A nivel sociológico, a nivel conceptual, los vocablos "casta" o "ciudadanía" a mi parecer se usan de forma errática en ciertos entornos supuestamente cercanos a la izquierda y pretenciosa en entornos que son hostiles  a la izquierda en general. Algunos criticamos el uso de casta, no intentando restar lógicamente protagonismo ni culpabilidad a los políticos que hacen las nefastas políticas neoliberales que todos conocemos, que sufrimos y benefician a una minoría en detrimento del bienestar y los derechos de una gran mayoría, políticos que a su vez a parte de recortadores, son muchos de ellos corruptos. Tampoco lo hacemos para restar importancia a los privilegios de los que gozan en A y sobretodo en B algunos políticos, lo hacemos porque y dado que según Aristóteles "el ser humano es un animal político o zoon politikón", el concepto casta al igual que el de ciudadanía al que me referiré más adelante, eclipsa al concepto de lucha de clases. Julio Anguita ha sido y es político y no es como Bárcenas precisamente y yo soy ciudadano y no precisamente como el ya fallecido ciudadano Emilio Botín, al que únicamente me parezco en el nombre y que dejó las riendas de su imperio a su hija y ciudadana, Ana Botín. El concepto casta señala corruptos y privilegiados pero oculta a los corruptores que son los banqueros y grandes empresarios. De ahí la importancia de hacer un discurso de clase, transclasista y no el interclasista que hacen ciertos partidos de nuevo cuño, en bastantes ocasiones con ánimo eso si aglutinador". Incluso miembros de uno de estos nuevos partidos han llegado a decir en Twitter que: "pueden haber banqueros humildes", me consta que luego intentaron justificarlo como que se referían a los trabajadores de la banca, pero fue inoportuno pues el contexto estaba más que claro.

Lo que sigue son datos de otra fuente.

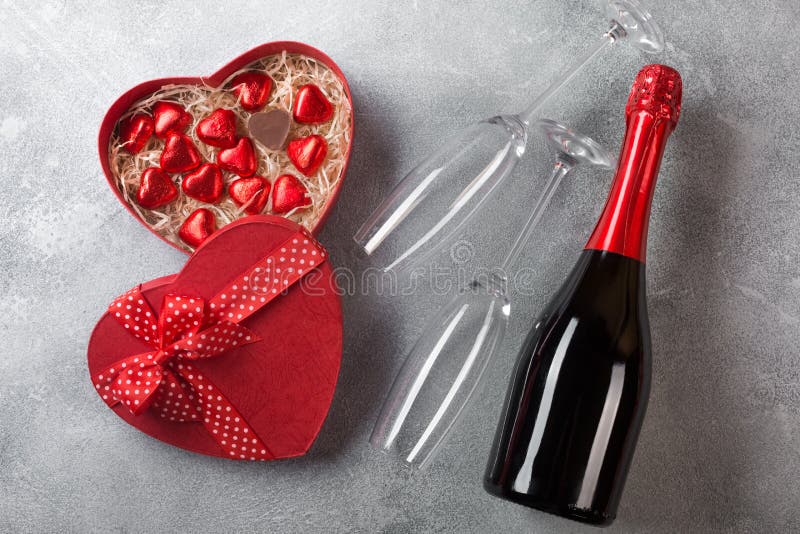 Carte de voeux de Saint-Valentin avec des verres de champagne et des coeurs de sucrerie sur le fond en pierre Vue supérieure avec images stock Carte de voeux de Saint-Valentin avec des verres de champagne et des coeurs de sucrerie sur le fond en pierre Vue supérieure avec images stock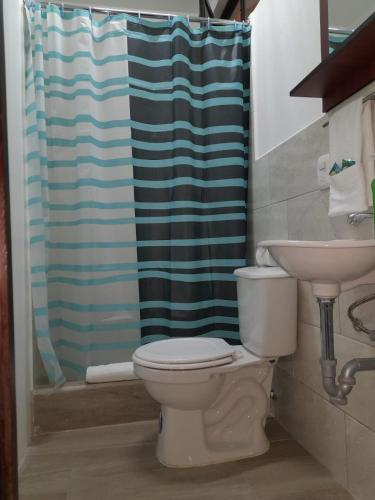 Queen Room image 2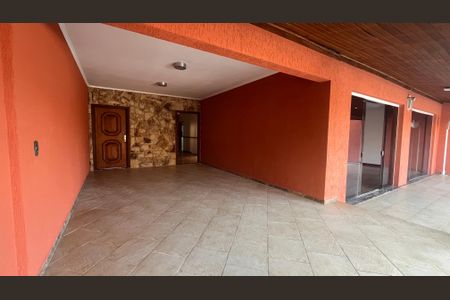 Casa à venda com 315m², 5 quartos e 4 vagas Casa à venda com 315m², 5 quartos e 4 vagasÁrea comum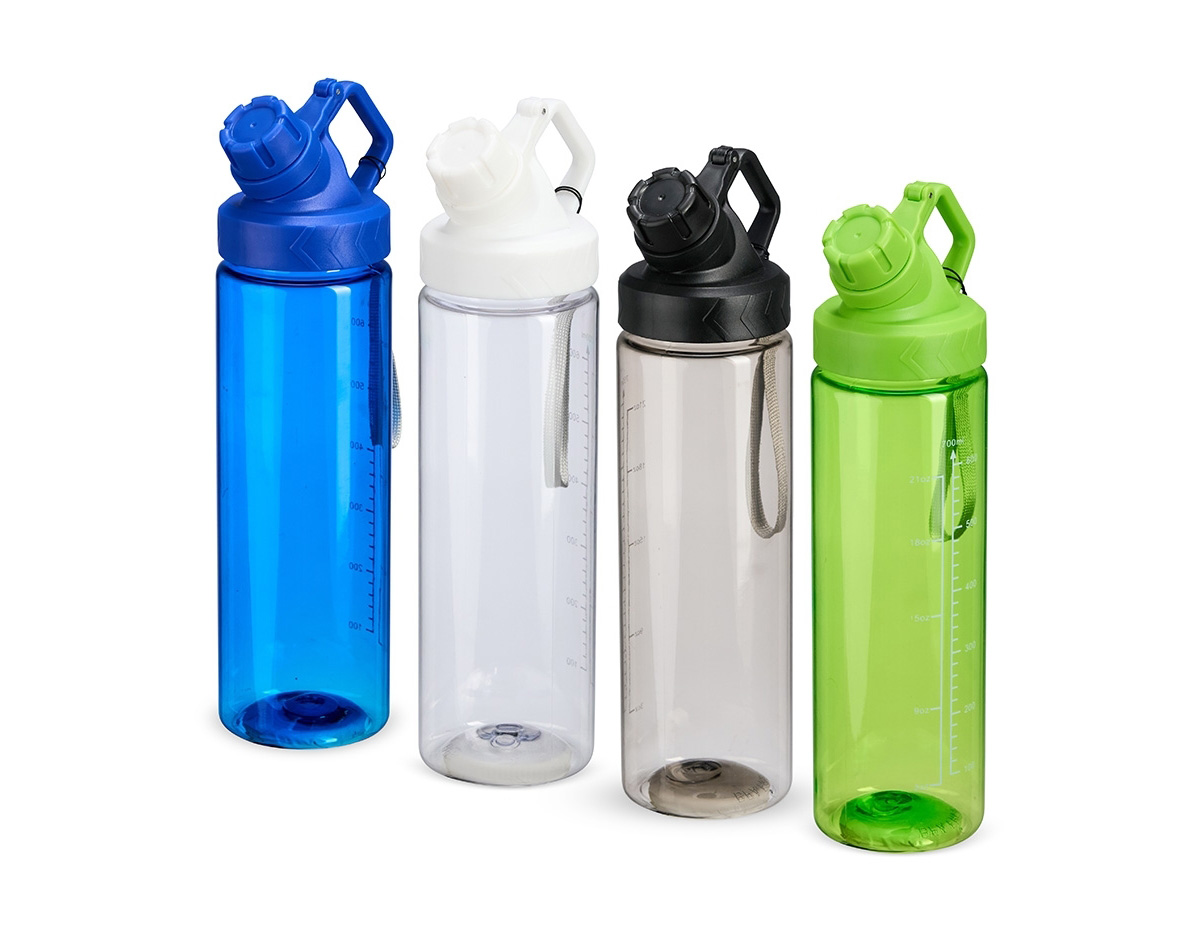 Squeeze plástico livre de BPA, com capacidade máxima de 750ml e marcação de volume de 700ml impressa no corpo. Dispõe de bocal plástico com protetor rosqueável para o bocal e alça fixa. Acompanha cordão de nylon para prender à alça da tampa.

Lo anterior es marear la perdiz y desorientar a la clase obrera, clase trabajadora, trabajadores a secas si se quiere, sobre el verdadero enemigo, su enemigo de clase. Cuando se habla de casta política o clase política y ciudadanía hay que tener muy patente que ni todos los políticos son iguales, aunque abunde el patrón del político corrupto, ni mucho menos todos los ciudadanos somos iguales. También hay que tener en cuenta que esos entornos hostiles a los que hago referencia al principio, (más concretamente de la ultraderecha, de la caverna, amantes de la tecnocracia y dictaduras que sirven a la oligarquía, y nostálgicos del régimen franquista), usan el término clase política para denostar, pues a ellos no les gusta que nada se debata en un parlamento o las urnas, les gusta imponer y si es necesario a sangre y fuego, de ahí su discurso antipolítica o "apolítico", Franco decía "hagan como yo, no se metan en política".

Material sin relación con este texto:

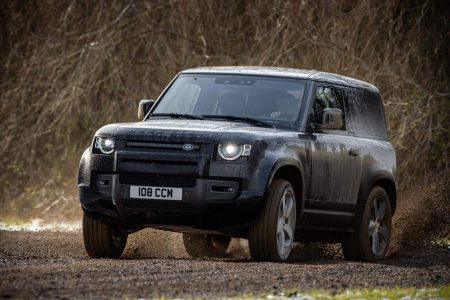 Land Rover Defender 2022: Ahora con el motor V8 de 525 CV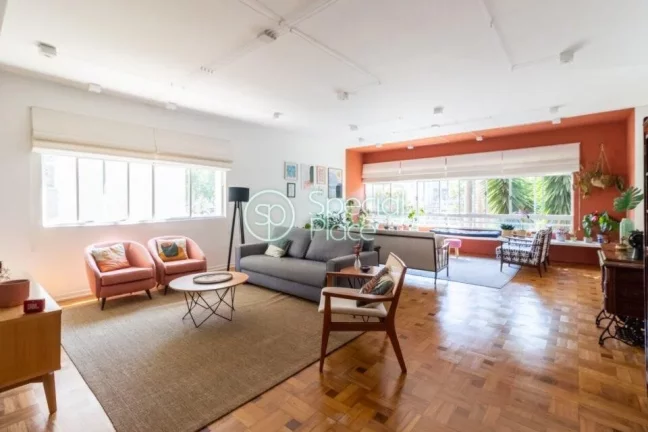 Imagem Apartamento de alto padrão com 291m², 5 dormitórios ( 1 suíte ) e 1 vaga na garagem. Hall privat...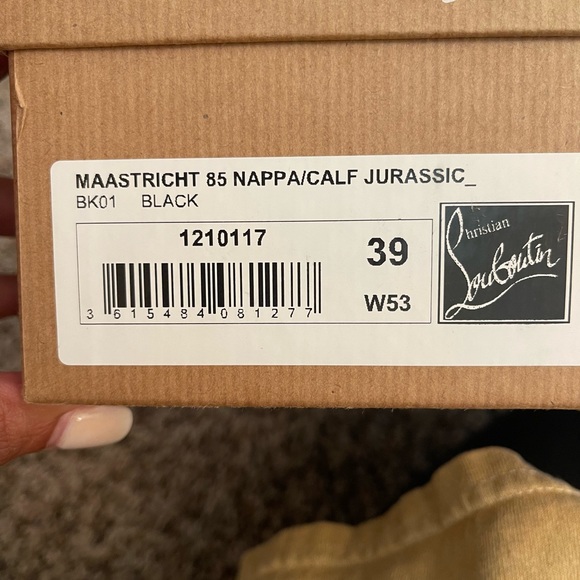 CHRISTIAN LOUBOUTIN! 👠 - Picture 7 of 8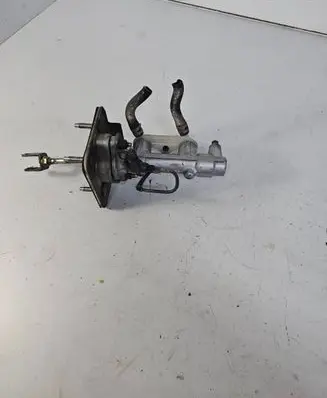 Toyota Prius (NHW20) Master brake cylinder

Ciertos líderes de estos nuevos partidos son sociólogos y politólogos, saben bien que es la Sociología y Estructura Social y que lo que estoy relatando, es cierto, otra cosa es que para persuadir a ciertos sectores descontentos de la población se use cierto lenguaje populista, pero el rigor y los conceptos son los que son. Redefinir conceptos es algo posmoderno, atrayente y persuasivo, muy útil a corto plazo, que está dando muy buenos resultados a nivel electoral, pero puede ser a medio y largo plazo peligroso para nuestro objetivo común, principalmente porque está actuando como catalizador y minimizando la movilización social, la herramienta de defensa infalible en materia de derechos sociales y laborales por excelencia. Necesitamos conceptos bastante más diferenciadores, que establezcan la antagonía en los intereses de clase, no que hagan un gazpacho de la estructura social y confundan la conciencia de la gente sobre a que clase social realmente pertenecen.


El concepto "ciudadano" usado para diferenciarnos de la oligarquía o la famosa "casta", ese concepto, el de ciudadano, no atiende a la clase social, al papel que representamos en el modelo productivo, a la renta o riqueza que poseemos, para mi es un concepto difuso en cuanto a sociología y estructura social se refiere o dicho de otro modo, a la relación entre los individuos en una sociedad. A mi criterio se queda corto para catalogar, diferenciar, describir a un individuo en la situación política actual, pasada o futura. A los capitalistas se les da muy bien disfrazarse de "ciudadanos", así nadie les acusa de la crisis sistémica estructural y demás conflictos políticos, económicos, sociales, de los cuales lo normal hasta ahora es que casi siempre ellos salgan ganando y otros, no cabe duda que nosotros, perdiendo, pero aquí no pretendo ahondar en los motivos de este resultado, aunque estén implícitos. 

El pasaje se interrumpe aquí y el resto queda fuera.